### DATA EXCERPTS
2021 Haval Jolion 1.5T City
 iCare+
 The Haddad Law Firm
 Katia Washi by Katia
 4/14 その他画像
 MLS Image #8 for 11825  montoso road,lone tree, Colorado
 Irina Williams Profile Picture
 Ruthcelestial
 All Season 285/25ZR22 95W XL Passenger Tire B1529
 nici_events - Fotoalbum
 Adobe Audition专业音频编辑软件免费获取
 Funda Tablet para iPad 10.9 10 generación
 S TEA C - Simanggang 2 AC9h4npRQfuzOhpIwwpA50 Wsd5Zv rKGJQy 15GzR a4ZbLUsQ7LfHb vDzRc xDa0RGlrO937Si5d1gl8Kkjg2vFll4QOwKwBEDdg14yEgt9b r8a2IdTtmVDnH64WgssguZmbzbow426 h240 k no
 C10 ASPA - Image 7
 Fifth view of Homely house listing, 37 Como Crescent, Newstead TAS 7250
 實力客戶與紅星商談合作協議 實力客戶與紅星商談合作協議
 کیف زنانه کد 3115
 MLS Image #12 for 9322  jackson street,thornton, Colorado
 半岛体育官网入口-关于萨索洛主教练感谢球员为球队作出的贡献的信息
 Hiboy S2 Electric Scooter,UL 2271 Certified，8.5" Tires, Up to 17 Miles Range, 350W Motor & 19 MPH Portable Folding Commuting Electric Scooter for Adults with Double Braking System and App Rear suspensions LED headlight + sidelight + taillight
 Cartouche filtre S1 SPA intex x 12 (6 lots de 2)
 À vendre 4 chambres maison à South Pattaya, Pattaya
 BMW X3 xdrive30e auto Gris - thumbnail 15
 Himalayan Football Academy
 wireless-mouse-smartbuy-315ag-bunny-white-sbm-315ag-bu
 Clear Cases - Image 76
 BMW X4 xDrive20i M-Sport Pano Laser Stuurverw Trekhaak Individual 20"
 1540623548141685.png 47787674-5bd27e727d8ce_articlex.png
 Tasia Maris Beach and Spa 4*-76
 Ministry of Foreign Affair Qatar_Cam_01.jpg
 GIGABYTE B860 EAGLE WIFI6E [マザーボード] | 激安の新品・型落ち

### EXERCISE DIRECTIONS
Scan the data above for the string "Image" and copy each line where it appears.

### OUTPUT FOR THIS TASK
 MLS Image #8 for 11825  montoso road,lone tree, Colorado
 C10 ASPA - Image 7
 MLS Image #12 for 9322  jackson street,thornton, Colorado
 Clear Cases - Image 76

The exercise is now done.